Former German Chancellor Helmut Kohl Helps Celebrate 20 Years of German Unity
He’s now 80 years old and confined to a wheelchair, but Helmut Kohl is still seen as the architect of German reunification.
Kohl was post-war Germany’s longest serving chancellor, in office from 1982 to 1998.
He was accompanied by his wife Maike and Chancellor Angela Merkel at the event and was presented with a bunch of flowers by the President of the German Parliament, Norbert Lammert.
The anniversary was marked with a show of music and dance and concluded with the singing of the German national anthem.
Merkel was recently quoted in a German magazine as saying that unification had been for the most part a success in the past 20 years even though there are major gaps between the east and west.
Wages in the formerly communist east are lower, while unemployment is higher.

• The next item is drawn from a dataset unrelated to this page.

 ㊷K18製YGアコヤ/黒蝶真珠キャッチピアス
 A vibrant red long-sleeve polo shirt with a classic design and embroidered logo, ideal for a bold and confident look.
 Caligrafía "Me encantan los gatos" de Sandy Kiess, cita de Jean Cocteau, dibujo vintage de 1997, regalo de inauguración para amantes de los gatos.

And the eastern population has shrunk by two million as mostly young people move west in search of jobs.
Merkel’s party, the conservative Christian Democrats, were at first the most popular party in the east — in part thanks to promises made by then-Chancellor Helmut Kohl. He said the east would turn into „flourishing landscapes“ in united Germany.
But when unemployment soared as eastern plants failed in the face of competition from the west, many easterners mocked Kohl’s words of „flourishing landscapes.“
The situation has gradually improved in some areas of the east.